Following our previous Bernoulli example, we've observed $k$ successes in $n$ trials, and so the likelihood $\mathrm{Pr}(k,n \, | \, p) = p^k \, (1-p)^{n-k}$. We'll assume a flat prior $\mathrm{Pr}(p) = 1$. In this case, the marginal likelihood follows $$\mathrm{Pr}(k,n) = \int_0^1 \mathrm{Pr}(k,n \, | \, p) \, \mathrm{Pr}(p) \, dp = \cfrac{k! \, (n-k)!}{(n+1)!}.$$ And the full posterior follows $$\mathrm{Pr}(p \, | \, k,n) = \cfrac{(n+1)! \, p^k \, (1-p)^{n-k}}{k! \, (n-k)!}.$$
If $k=8$ and $n=10$, the mean posterior $\mathrm{E}[p] = 0.75$, while the 95% credible interval extends from $0.482$ to $0.896$, and the posterior distribution follows
Here, we are interested in the posterior distribution $\mathrm{Pr}(\tau, \mu \, | \, D)$, where $D$ represents sequence data, $\tau$ represents the tree topology and $\mu$ represents mutational parameters (like transition vs tranversion rate).

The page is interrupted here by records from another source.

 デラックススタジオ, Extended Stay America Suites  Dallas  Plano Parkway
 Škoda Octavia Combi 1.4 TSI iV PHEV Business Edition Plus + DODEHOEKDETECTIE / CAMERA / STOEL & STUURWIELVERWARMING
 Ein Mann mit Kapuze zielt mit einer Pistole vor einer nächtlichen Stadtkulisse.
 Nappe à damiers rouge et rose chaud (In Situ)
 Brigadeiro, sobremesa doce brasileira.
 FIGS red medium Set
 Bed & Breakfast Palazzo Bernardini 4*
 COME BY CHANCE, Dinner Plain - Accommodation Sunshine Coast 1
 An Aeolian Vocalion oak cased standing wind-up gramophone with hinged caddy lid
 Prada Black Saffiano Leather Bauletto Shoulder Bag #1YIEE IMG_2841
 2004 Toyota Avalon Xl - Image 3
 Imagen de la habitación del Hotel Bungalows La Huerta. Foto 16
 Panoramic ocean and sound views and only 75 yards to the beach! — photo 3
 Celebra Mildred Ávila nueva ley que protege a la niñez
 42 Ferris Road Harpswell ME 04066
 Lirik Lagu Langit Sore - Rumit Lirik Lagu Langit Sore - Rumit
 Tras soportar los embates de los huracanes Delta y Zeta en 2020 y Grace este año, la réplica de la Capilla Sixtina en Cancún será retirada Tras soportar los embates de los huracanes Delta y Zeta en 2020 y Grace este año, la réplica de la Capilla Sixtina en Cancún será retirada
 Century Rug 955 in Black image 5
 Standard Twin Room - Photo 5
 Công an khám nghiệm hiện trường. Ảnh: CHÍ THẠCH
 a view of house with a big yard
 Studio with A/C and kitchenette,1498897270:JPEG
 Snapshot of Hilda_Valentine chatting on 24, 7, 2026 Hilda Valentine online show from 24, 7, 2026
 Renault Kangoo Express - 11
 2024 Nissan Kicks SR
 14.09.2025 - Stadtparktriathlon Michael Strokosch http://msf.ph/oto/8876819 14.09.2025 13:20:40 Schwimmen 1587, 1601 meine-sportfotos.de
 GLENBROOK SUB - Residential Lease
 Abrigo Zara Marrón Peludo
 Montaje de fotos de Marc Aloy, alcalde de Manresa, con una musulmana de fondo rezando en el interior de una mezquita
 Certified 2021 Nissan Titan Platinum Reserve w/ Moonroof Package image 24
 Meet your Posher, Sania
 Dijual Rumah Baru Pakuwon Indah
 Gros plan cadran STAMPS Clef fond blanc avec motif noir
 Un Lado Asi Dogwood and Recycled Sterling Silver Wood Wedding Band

In this case, $$ \mathrm{Pr}(\tau, \mu \, | \, D) \propto \mathrm{Pr}(D \, | \, \tau, \mu) \, \mathrm{Pr}(\tau) \, \mathrm{Pr}(\mu). $$
In the case of the coalescent model, we are interested in coalescent rate parameter like $\lambda$. Here, we use $\lambda$ to give the likelihood of observing a particular tree topology $\mathrm{Pr}(\tau \, | \, \lambda)$. This probability is the likelihood of observing the coalescent intervals seen in the tree.
Thus, the full model becomes $$ \mathrm{Pr}(\tau, \mu, \lambda \, | \, D) \propto \mathrm{Pr}(D \, | \, \tau, \mu) \, \mathrm{Pr}(\tau \, | \, \lambda) \, \mathrm{Pr}(\lambda) \, \mathrm{Pr}(\mu). $$ Bayesian approaches work well to build these sorts of nested models.